_WHAT YOU ARE ASKED TO DO_
Please give again, word for word, each line that falls between the line with "Side Buckle Magnetic" and the end of the data, inclusive.

_Collected data_
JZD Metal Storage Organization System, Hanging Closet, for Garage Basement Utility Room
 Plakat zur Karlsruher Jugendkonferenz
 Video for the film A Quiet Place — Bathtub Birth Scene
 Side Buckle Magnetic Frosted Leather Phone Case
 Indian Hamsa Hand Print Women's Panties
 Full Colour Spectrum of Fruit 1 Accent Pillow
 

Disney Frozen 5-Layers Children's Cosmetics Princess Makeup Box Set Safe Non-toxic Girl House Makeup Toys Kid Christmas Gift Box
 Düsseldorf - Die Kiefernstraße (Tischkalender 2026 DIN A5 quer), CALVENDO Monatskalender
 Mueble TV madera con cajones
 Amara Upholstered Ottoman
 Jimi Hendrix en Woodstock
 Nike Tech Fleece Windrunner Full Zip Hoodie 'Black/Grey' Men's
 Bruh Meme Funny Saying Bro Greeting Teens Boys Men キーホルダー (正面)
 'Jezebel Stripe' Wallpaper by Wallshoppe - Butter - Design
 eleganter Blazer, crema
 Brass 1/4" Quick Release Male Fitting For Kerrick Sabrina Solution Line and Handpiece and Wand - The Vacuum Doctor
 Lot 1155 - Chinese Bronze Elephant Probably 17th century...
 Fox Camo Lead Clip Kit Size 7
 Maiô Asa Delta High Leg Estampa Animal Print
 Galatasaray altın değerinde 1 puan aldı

_YOUR RESPONSE_
 Side Buckle Magnetic Frosted Leather Phone Case
 Indian Hamsa Hand Print Women's Panties
 Full Colour Spectrum of Fruit 1 Accent Pillow
 

Disney Frozen 5-Layers Children's Cosmetics Princess Makeup Box Set Safe Non-toxic Girl House Makeup Toys Kid Christmas Gift Box
 Düsseldorf - Die Kiefernstraße (Tischkalender 2026 DIN A5 quer), CALVENDO Monatskalender
 Mueble TV madera con cajones
 Amara Upholstered Ottoman
 Jimi Hendrix en Woodstock
 Nike Tech Fleece Windrunner Full Zip Hoodie 'Black/Grey' Men's
 Bruh Meme Funny Saying Bro Greeting Teens Boys Men キーホルダー (正面)
 'Jezebel Stripe' Wallpaper by Wallshoppe - Butter - Design
 eleganter Blazer, crema
 Brass 1/4" Quick Release Male Fitting For Kerrick Sabrina Solution Line and Handpiece and Wand - The Vacuum Doctor
 Lot 1155 - Chinese Bronze Elephant Probably 17th century...
 Fox Camo Lead Clip Kit Size 7
 Maiô Asa Delta High Leg Estampa Animal Print
 Galatasaray altın değerinde 1 puan aldı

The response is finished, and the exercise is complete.